NVLink and NVSwitch: When It Matters, and Why It Usually Doesn't for Kentino's Lineup

A recurring inbox question: a customer sizing a 4× or 8× GPU server sees NVIDIA's DGX marketing brag about NVLink bandwidth in the terabytes per second and asks whether the Kentino build "has NVLink." The honest answer is no, none of our builds do — and for the workloads the customer actually has, that is fine. This article unpacks why.

NVLink is genuinely impressive at the top of the lineup and absent everywhere else. The marketing does not draw a clear line, so buyers either over-pay for a fabric they do not need or under-buy thinking PCIe is a step-function downgrade across the board. Neither is true. The line is sharp and sits in a specific place.

What NVLink actually is

NVLink is a point-to-point, high-bandwidth GPU-to-GPU interconnect that bypasses the host's PCIe root complex. Two GPUs with an NVLink connection move tensors directly across the link without bouncing through CPU memory and without contending with anything else on the PCIe tree. That is the whole pitch.

The bandwidth advantage over PCIe is substantial. PCIe Gen5 x16 — the current ceiling for a consumer or workstation slot — gives about 64 GB/s in each direction, 128 GB/s aggregate. NVLink 5 on B200 and GB200 gives 1.8 TB/s aggregate per GPU, roughly 14× a PCIe Gen5 x16 slot.

This comparison is misleading the moment you write it down, because GPUs with NVLink 5 are not GPUs with PCIe Gen5 x16 as their primary interconnect. NVLink lives on datacenter SKUs (A100, H100, H200, B200, GB200); PCIe is the only path on consumer and workstation SKUs (4090, 5090, RTX Pro 6000 Blackwell, L40, L4). "NVLink versus PCIe" in practice means "the H100 line versus the rest."

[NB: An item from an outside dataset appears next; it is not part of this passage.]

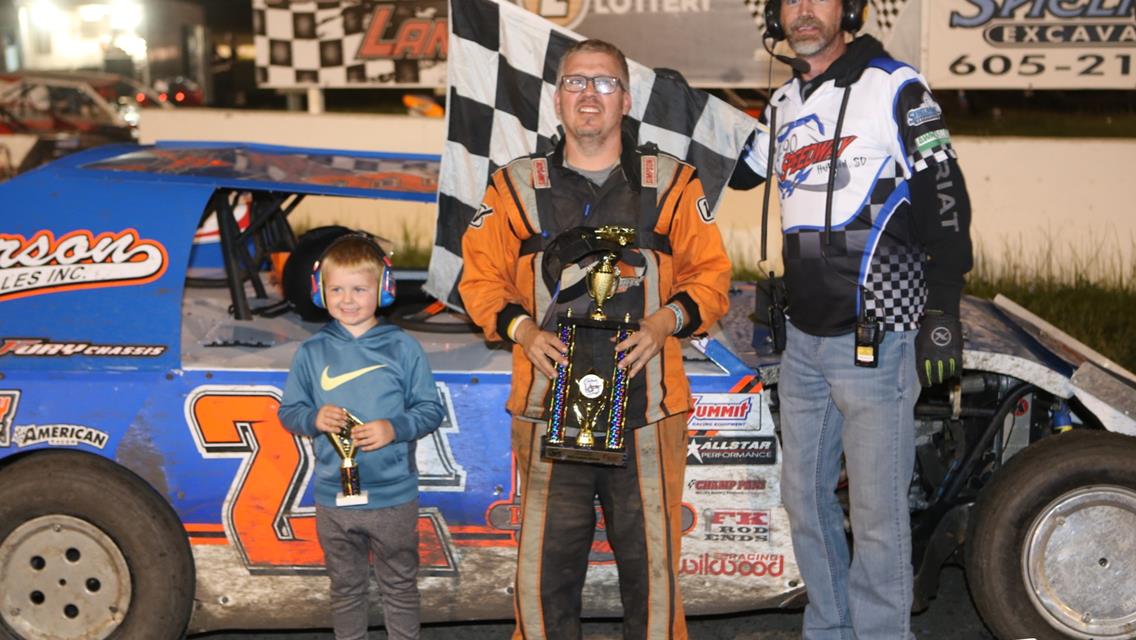 Goos tops sprint field as Gulbrandson makes I-90 Speedway history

NVLink generations at a glance

Generation	GPU	Links per GPU	Aggregate per GPU	Year
NVLink 2	V100 (Volta)	6	300 GB/s	2017
NVLink 3	A100 (Ampere)	12	600 GB/s	2020
NVLink 4	H100 / H200 (Hopper)	18	900 GB/s	2022
NVLink 5	B200 / GB200 (Blackwell DC)	18	1.8 TB/s	2024

Link count grew from generation 2 to 4, then per-link bandwidth doubled from gen 4 to 5 (50 GB/s to 100 GB/s). That is why NVLink 5 looks like a step-change — it is.

PCIe in a Kentino build:

Standard	Per-direction x16	Aggregate x16
PCIe Gen4 x16	32 GB/s	64 GB/s
PCIe Gen5 x16	64 GB/s	128 GB/s

Worst case (Gen4), PCIe is ~1/14 of NVLink 4. Best case (Gen5), PCIe is ~1/14 of NVLink 5. The ratio is roughly constant by NVIDIA's design.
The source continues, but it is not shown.